EXERCISE BRIEF => Please copy out all lines of the entries that contain the word "Dress".

RECORDS FOR PROCESSING =>

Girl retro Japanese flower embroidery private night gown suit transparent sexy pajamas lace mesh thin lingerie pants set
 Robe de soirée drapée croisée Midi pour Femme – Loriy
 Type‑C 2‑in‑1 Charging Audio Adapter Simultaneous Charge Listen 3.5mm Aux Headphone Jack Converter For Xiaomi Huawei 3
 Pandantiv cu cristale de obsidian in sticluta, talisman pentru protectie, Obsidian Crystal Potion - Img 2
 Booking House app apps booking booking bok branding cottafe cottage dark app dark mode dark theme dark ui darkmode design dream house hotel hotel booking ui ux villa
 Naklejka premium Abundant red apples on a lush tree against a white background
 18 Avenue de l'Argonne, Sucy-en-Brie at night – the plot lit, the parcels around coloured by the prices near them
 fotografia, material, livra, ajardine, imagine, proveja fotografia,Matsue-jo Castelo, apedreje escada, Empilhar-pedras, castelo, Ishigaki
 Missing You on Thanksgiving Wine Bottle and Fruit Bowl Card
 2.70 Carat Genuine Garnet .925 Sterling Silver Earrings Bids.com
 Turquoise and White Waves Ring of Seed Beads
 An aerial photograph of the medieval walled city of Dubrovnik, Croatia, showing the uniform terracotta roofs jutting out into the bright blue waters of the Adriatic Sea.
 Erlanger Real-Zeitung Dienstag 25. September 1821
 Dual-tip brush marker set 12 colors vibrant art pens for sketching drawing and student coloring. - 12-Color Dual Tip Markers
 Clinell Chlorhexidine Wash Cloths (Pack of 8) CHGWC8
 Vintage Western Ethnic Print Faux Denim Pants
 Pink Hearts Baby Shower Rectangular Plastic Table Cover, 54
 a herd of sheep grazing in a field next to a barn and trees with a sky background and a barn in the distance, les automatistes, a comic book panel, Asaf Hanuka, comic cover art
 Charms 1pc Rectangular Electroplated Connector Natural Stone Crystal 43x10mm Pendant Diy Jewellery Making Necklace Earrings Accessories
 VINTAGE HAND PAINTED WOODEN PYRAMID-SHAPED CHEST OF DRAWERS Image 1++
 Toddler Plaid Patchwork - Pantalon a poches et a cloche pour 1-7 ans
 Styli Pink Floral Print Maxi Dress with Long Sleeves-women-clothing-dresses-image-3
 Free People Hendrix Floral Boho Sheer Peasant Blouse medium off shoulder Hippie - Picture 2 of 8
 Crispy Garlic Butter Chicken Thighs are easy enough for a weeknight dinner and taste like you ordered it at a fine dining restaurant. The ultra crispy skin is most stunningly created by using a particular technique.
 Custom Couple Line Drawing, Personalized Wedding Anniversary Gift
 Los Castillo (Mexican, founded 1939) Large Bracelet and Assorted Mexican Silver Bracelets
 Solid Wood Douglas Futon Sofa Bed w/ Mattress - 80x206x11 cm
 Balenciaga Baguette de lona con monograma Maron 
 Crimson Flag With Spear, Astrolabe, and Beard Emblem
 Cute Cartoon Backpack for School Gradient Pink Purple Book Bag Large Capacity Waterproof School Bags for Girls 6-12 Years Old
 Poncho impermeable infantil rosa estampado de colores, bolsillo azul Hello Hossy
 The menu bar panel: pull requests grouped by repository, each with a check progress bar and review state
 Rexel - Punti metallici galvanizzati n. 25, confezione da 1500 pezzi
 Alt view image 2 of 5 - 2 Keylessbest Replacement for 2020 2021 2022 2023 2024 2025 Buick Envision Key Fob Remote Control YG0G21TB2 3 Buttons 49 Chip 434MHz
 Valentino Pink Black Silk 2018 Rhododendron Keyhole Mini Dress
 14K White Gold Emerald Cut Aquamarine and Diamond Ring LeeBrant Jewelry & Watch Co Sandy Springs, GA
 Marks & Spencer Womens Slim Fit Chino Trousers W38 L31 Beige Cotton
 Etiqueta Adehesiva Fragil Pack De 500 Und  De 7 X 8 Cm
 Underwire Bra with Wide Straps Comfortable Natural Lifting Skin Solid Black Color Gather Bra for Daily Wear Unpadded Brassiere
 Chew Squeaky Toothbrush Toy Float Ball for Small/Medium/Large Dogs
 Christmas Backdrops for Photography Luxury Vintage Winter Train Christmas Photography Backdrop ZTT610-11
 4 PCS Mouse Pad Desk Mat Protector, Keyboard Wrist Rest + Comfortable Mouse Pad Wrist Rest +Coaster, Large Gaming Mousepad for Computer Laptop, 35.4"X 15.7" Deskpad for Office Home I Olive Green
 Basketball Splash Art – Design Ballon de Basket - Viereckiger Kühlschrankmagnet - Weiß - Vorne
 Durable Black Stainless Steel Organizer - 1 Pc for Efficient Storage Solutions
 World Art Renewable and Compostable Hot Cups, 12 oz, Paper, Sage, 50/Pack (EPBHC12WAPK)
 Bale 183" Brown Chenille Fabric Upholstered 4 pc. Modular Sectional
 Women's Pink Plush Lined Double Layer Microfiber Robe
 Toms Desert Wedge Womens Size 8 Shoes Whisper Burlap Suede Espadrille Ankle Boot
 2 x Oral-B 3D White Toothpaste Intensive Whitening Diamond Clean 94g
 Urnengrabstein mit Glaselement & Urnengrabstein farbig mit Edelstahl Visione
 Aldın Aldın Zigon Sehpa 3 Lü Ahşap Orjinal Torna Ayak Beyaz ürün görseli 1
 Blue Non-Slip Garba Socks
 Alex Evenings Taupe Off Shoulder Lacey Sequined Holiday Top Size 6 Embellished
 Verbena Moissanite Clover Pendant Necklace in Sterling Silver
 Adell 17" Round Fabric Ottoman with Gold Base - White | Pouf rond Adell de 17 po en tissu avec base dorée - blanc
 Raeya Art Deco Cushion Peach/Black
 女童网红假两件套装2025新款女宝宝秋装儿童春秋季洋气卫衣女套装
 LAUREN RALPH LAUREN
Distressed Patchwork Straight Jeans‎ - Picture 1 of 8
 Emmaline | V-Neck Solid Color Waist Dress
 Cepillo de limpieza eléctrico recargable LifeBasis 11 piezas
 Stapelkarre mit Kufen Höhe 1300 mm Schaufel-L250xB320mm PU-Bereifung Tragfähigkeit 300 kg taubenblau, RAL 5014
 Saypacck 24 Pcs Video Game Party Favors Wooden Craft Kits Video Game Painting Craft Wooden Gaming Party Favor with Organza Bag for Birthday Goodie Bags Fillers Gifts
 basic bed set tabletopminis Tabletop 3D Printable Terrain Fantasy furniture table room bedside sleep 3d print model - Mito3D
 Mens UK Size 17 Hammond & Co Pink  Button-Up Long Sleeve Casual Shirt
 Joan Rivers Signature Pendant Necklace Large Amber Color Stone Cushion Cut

RESULT OF THE TASK =>
 Styli Pink Floral Print Maxi Dress with Long Sleeves-women-clothing-dresses-image-3
 Valentino Pink Black Silk 2018 Rhododendron Keyhole Mini Dress
 Emmaline | V-Neck Solid Color Waist Dress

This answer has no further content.